Türkiye ekonomisinde giderek kronikleşen bir dengesizlik haline dönüşmekte olan dış açık (cari işlemler, yani yurtiçi tasarruf - yatırım açığı) sorunu, böylesine bir yorum ile geçiştirilmekte; ve coşku sellerine kapılmış finans piyasalarının (“oyuncuların”) tedirgin edilmemesine özen gösterilmekteydi. “Cari işlemler açığı finanse edilemez ise ne olur?” meselesi ise tahayyül bile edilemiyor; “şimdi artık her şey değişik” dogmalarıyla örtbas ediliyordu.

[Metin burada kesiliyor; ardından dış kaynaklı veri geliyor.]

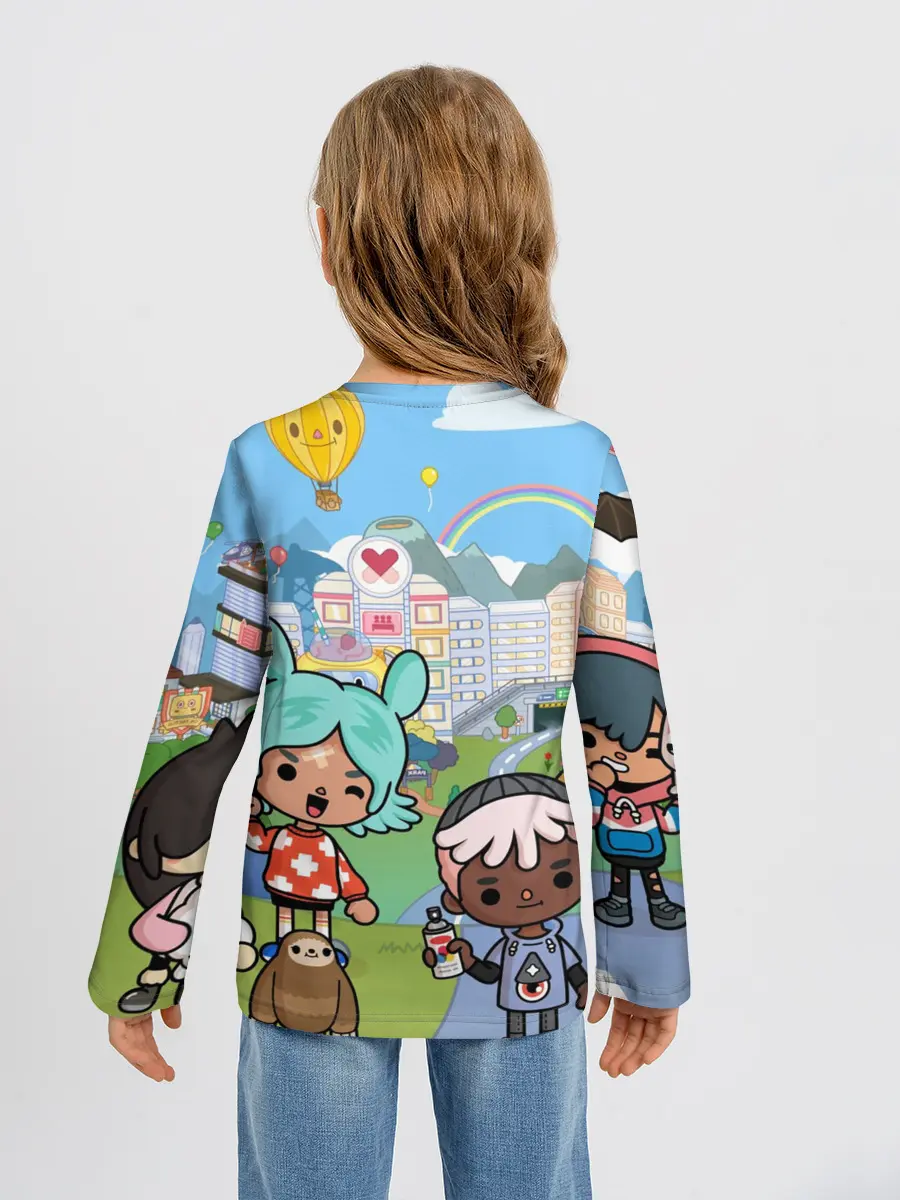 Детский лонгслив / Toca Boca | Мир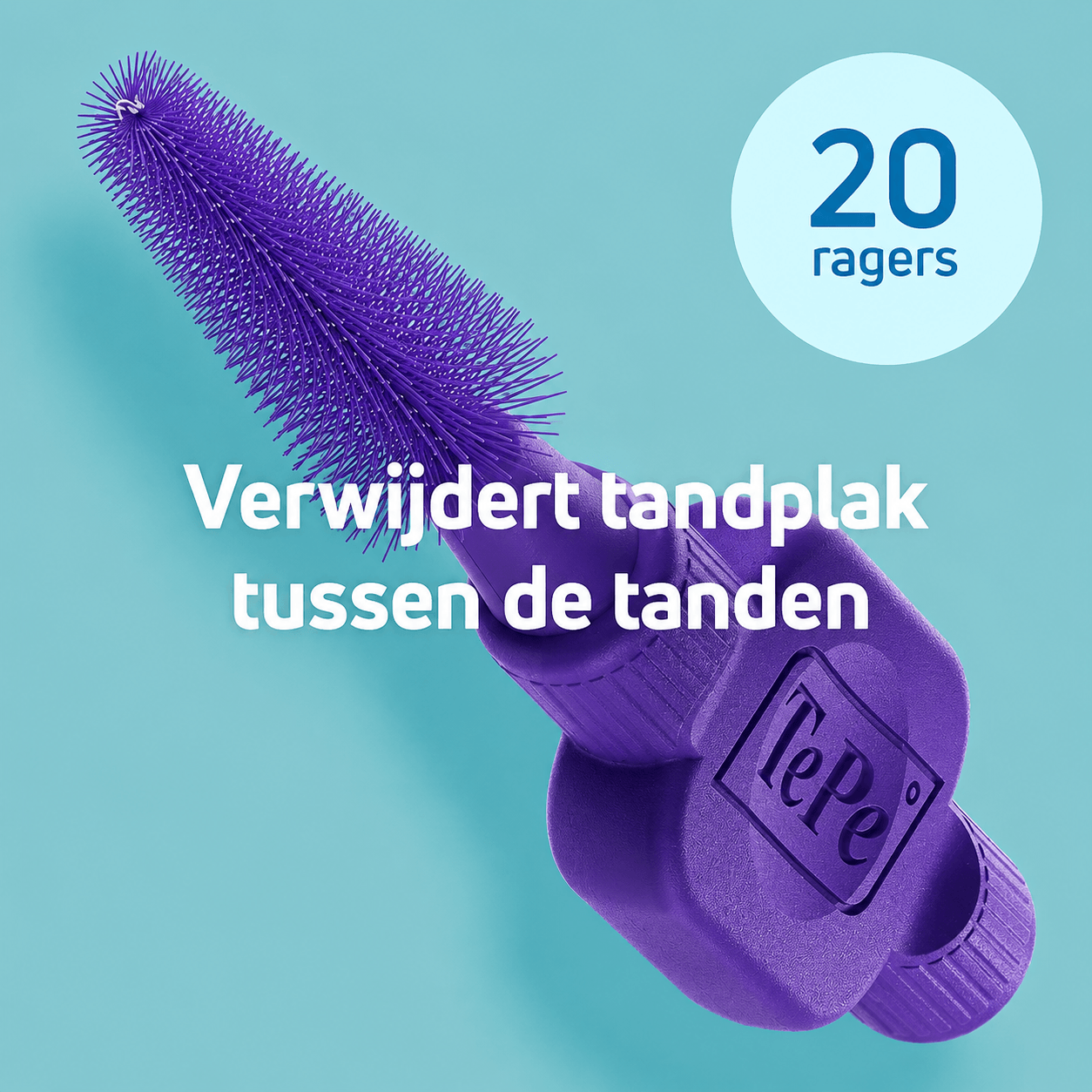 TePe EasyFit Interdentale Ragers M/L Paars | 36 stuks (6 x 6 ragers)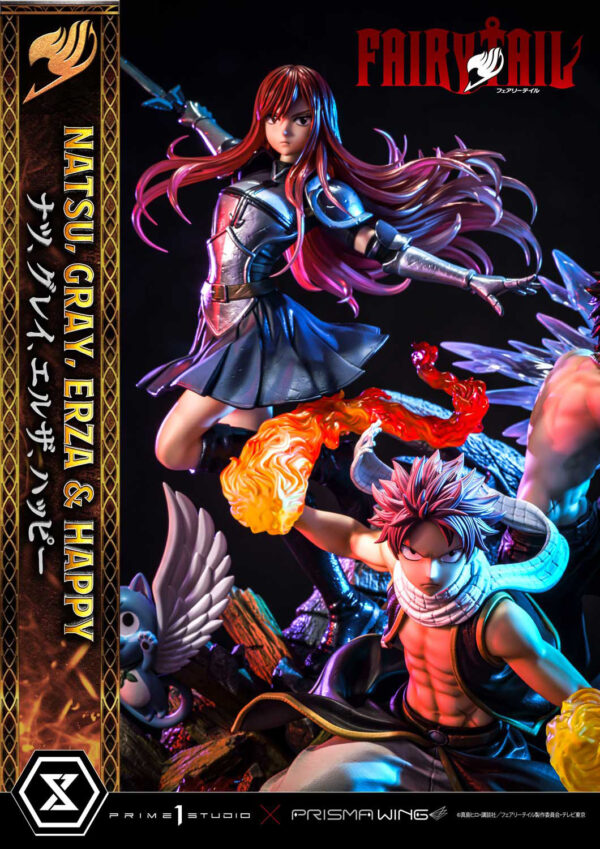 Descubre el apasionante mundo de Estatua Natsu Gray Erza Happy Bonus Deluxe.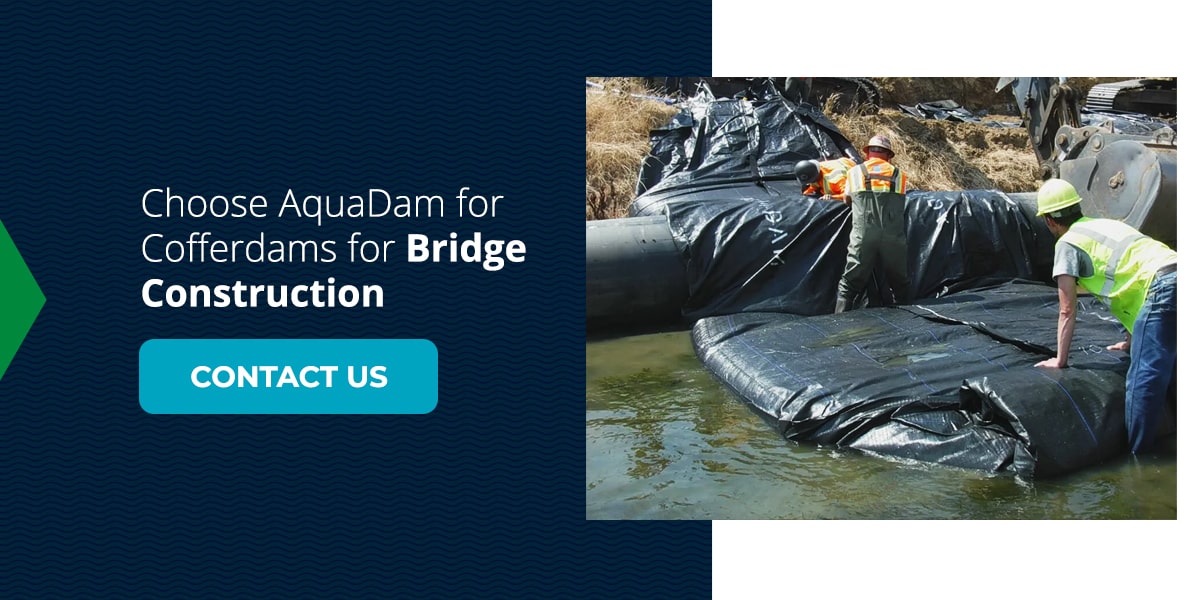 Choose AquaDam for Cofferdams for Bridge Construction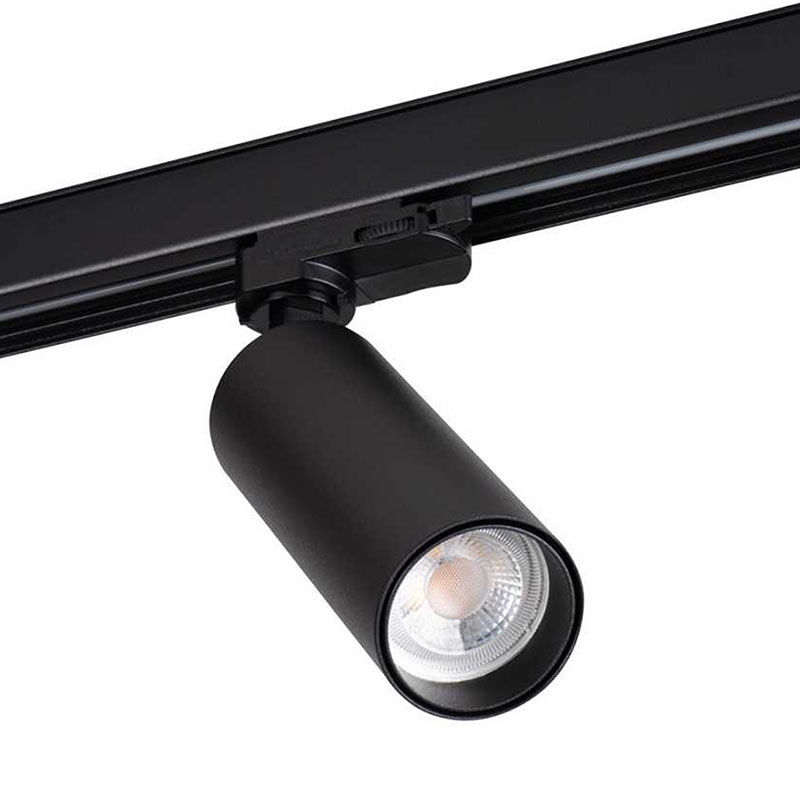 - ATL2 sínes LED lámpatest, GU10 foglalattal, fekete
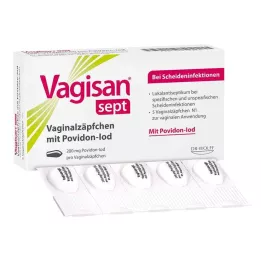 VAGISAN sept vaginale stikpiller med povidon-jod, 5 stk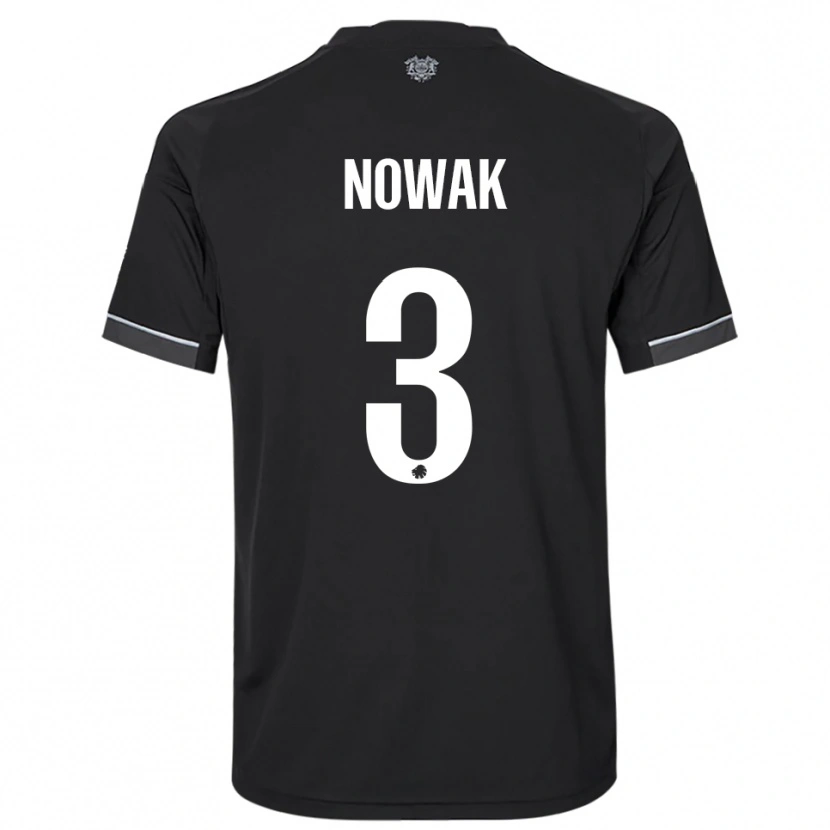 Danxen Herren Julie Nowak #3 Schwarz Weiß Auswärtstrikot Trikot 2025/26 T-Shirt Schweiz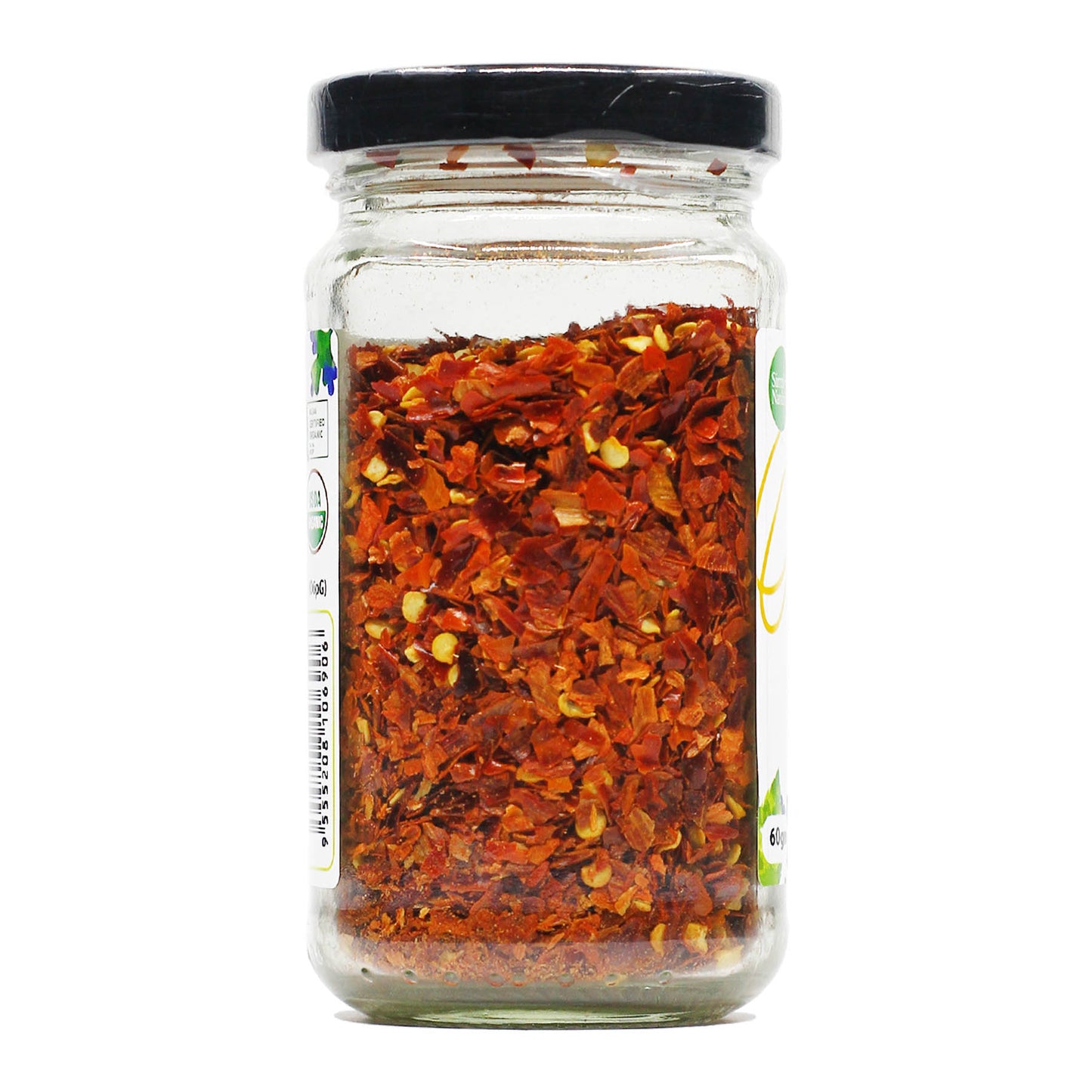 Organic Red Chilli Flakes 60g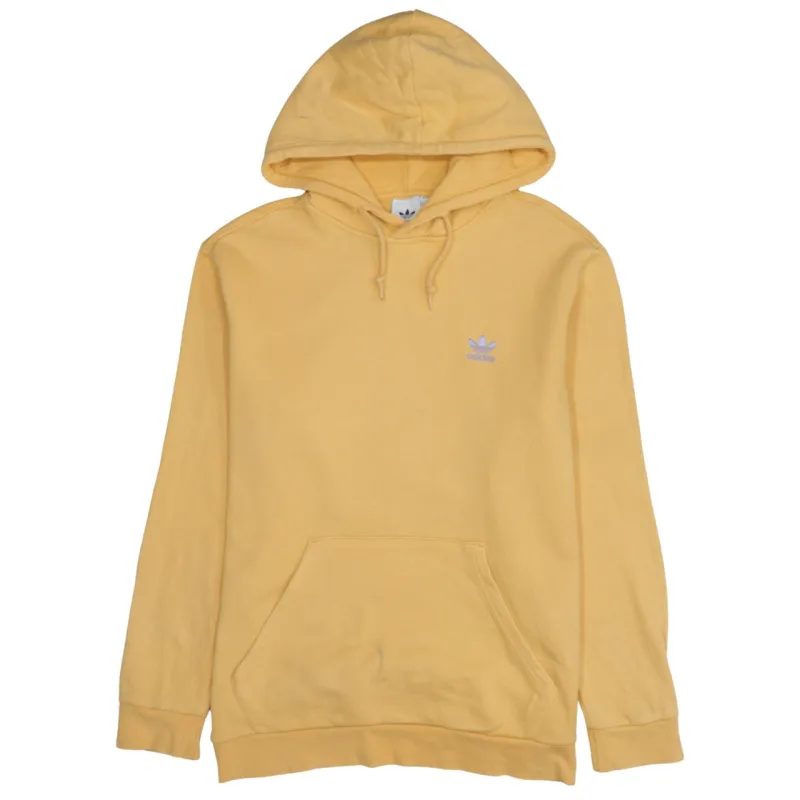 Adidas Vintage 90's Yellow Hoodie Men's Large Drawstring Pullover made by Adidas
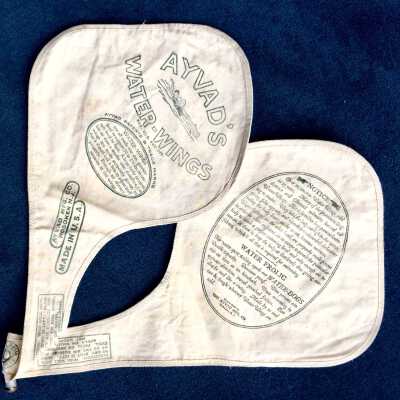 Ayvad Mfg. Co. Canvas water wings from Neptune Beach, c. 1920s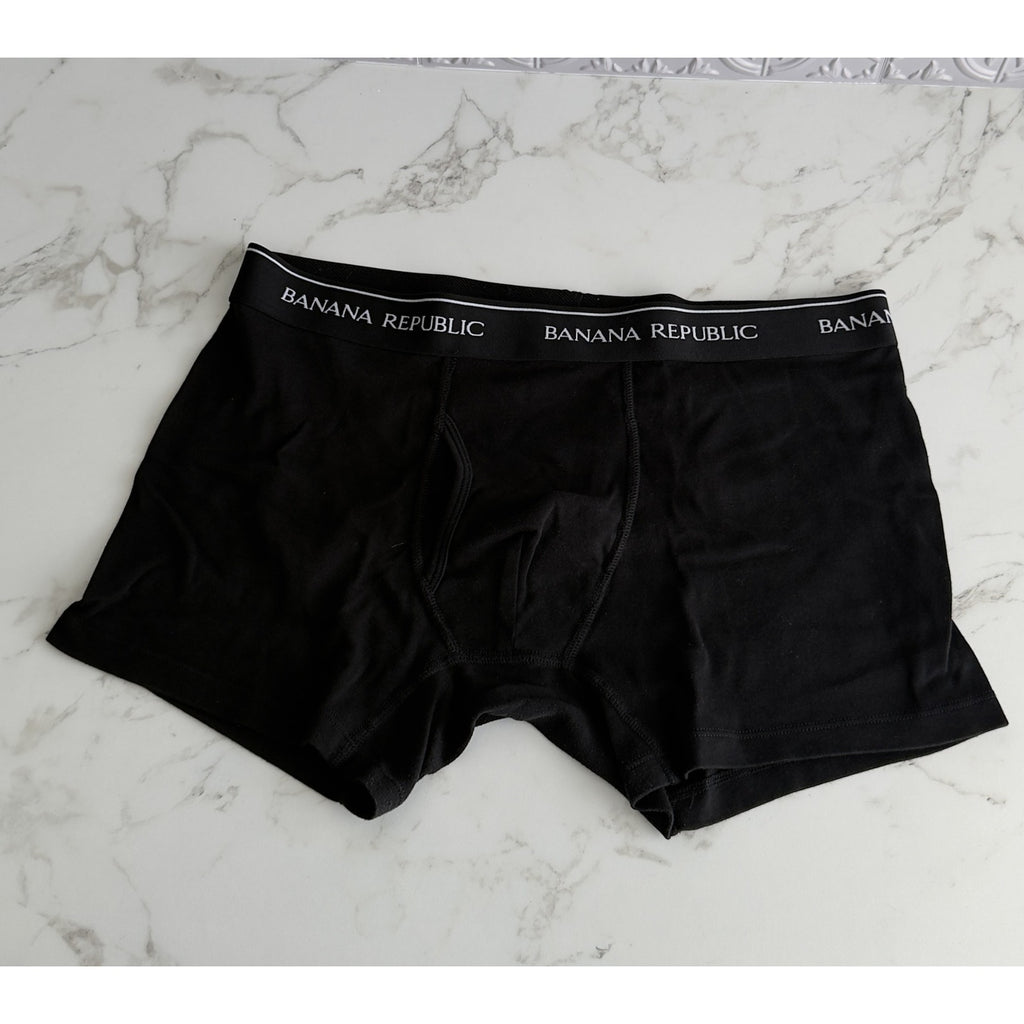 Banana Republic Mens 5 Inseam Boxer Briefs 3 Pack Black Stretch Size Large NWOT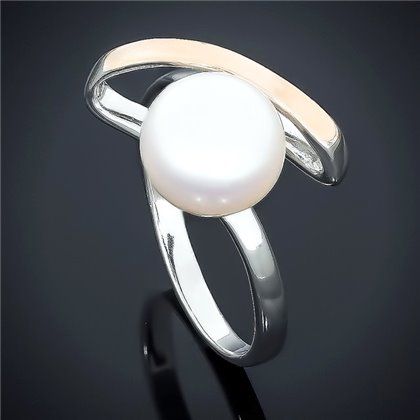 Перстень 551 перлина біла Rh Timofeev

Türkiye ekonomisi bu mantıksız ve akıldışı savlar ile 2009 krizini karşıladı. Kriz sonrasında sıcak para akımlarının coşkusuyla son bir kez daha saman alevi biçiminde büyüme gösterdi; birbiri ardına gelen yanlışlar, siyaset ve ekonomi kurumlarında yaşanmakta olan tahribat ile birlikte de şiddetli bir döviz krizine ve buradan da durgunluk / kriz sarmalına sürüklendi. 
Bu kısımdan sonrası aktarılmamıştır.